▶ **Your instructions**:
The line with "Collines de Provence" and each line following it, up to the final line of the data, should be set down exactly; pictures stay out.

▶ **Data**:
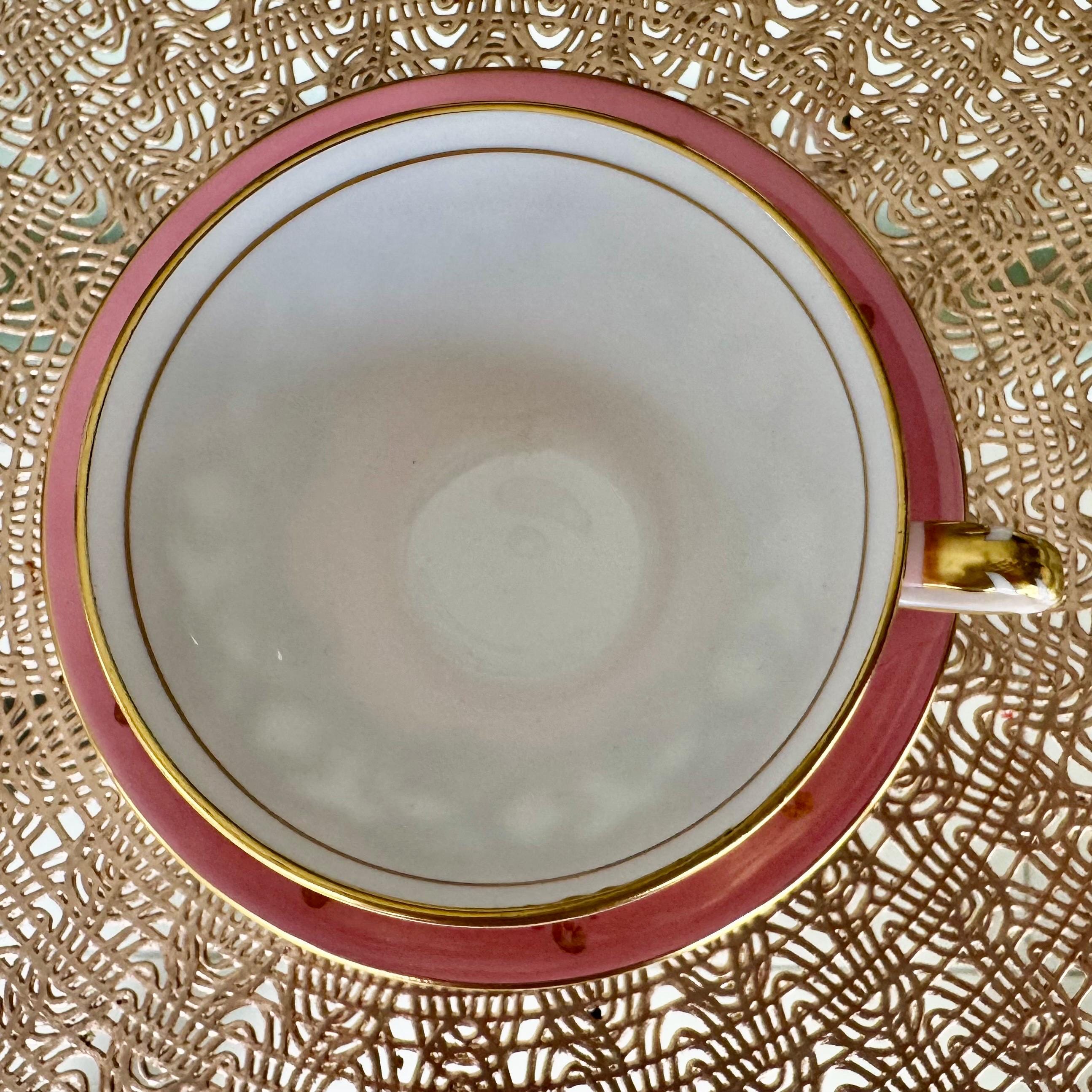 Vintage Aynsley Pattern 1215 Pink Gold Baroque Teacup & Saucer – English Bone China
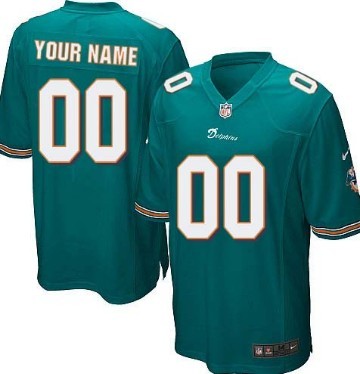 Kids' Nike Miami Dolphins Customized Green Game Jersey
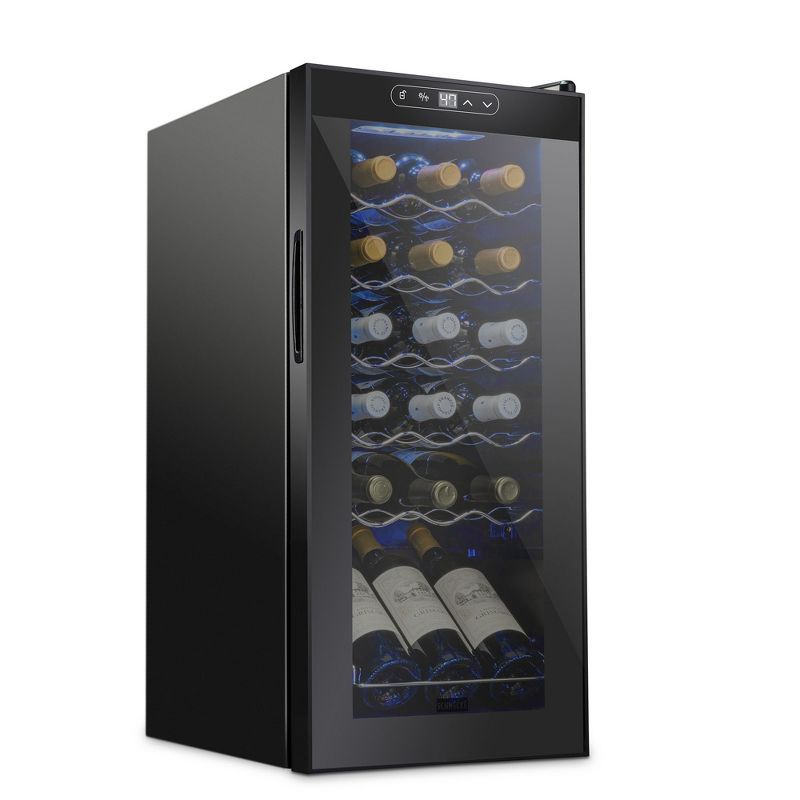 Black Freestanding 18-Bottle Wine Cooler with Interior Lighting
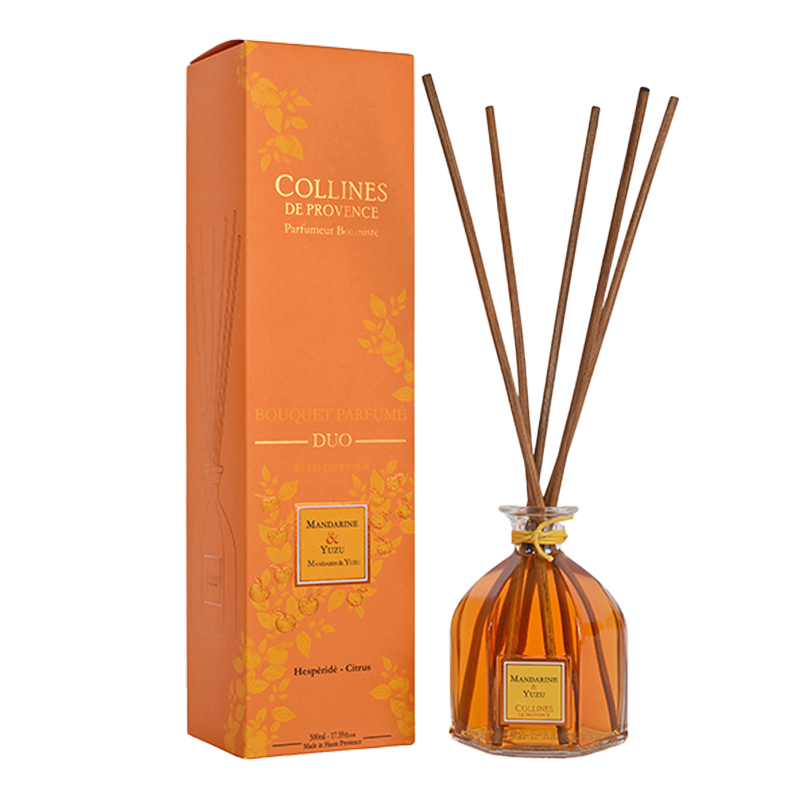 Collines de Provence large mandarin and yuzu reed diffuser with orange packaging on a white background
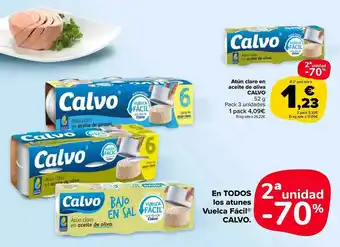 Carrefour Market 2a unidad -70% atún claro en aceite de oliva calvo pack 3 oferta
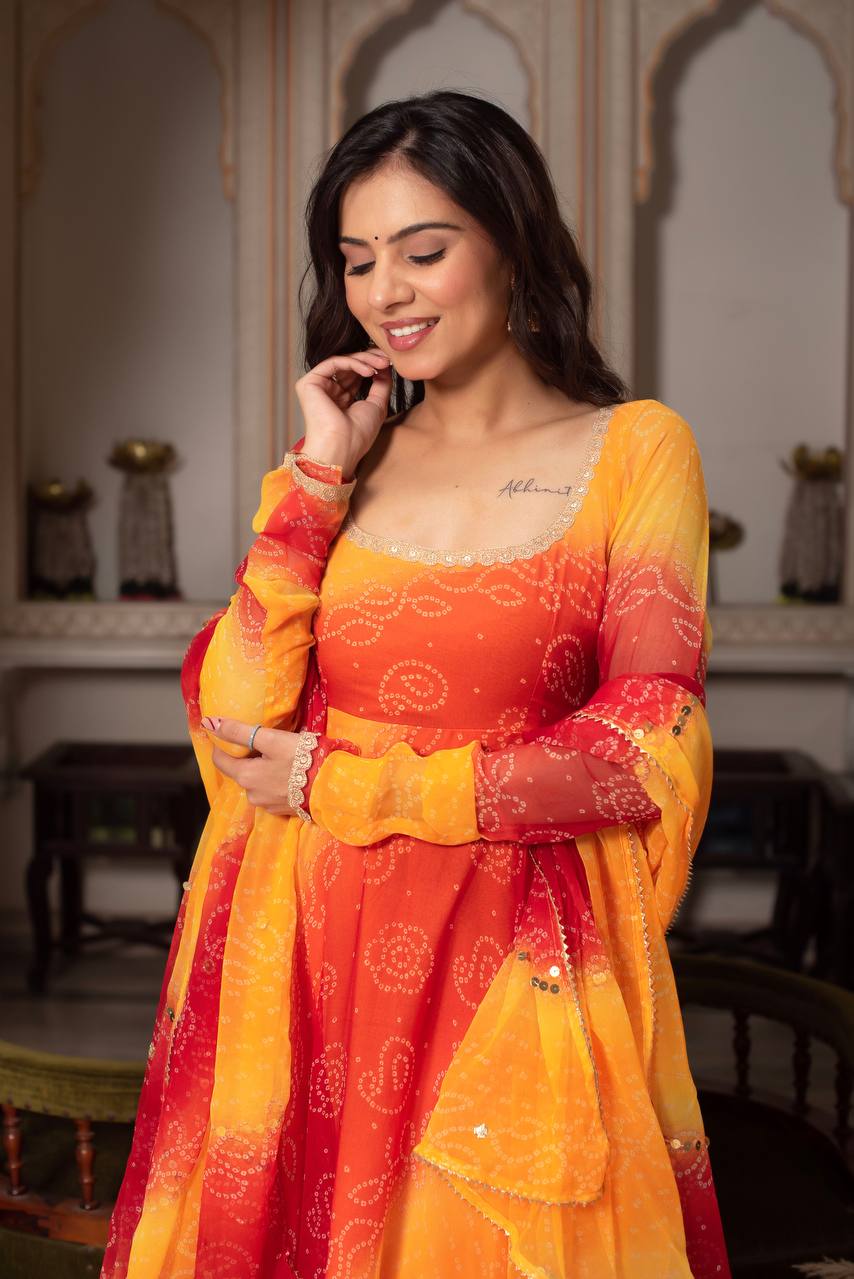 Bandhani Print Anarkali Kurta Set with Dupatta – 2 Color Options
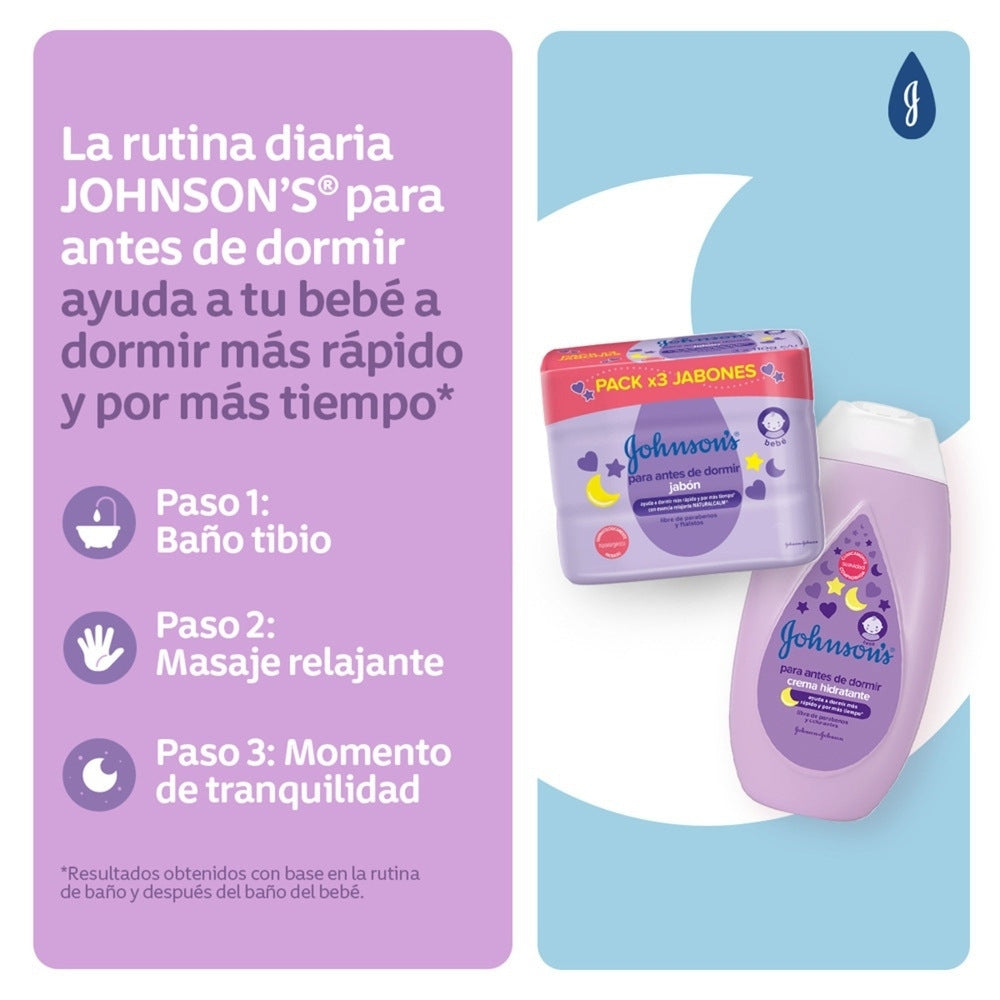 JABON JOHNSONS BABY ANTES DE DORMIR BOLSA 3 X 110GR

▶ **Solution below**:
 Collines de Provence large mandarin and yuzu reed diffuser with orange packaging on a white background
 Carrefour Market 2a unidad -70% atún claro en aceite de oliva calvo pack 3 oferta
 Bandhani Print Anarkali Kurta Set with Dupatta – 2 Color Options
 JABON JOHNSONS BABY ANTES DE DORMIR BOLSA 3 X 110GR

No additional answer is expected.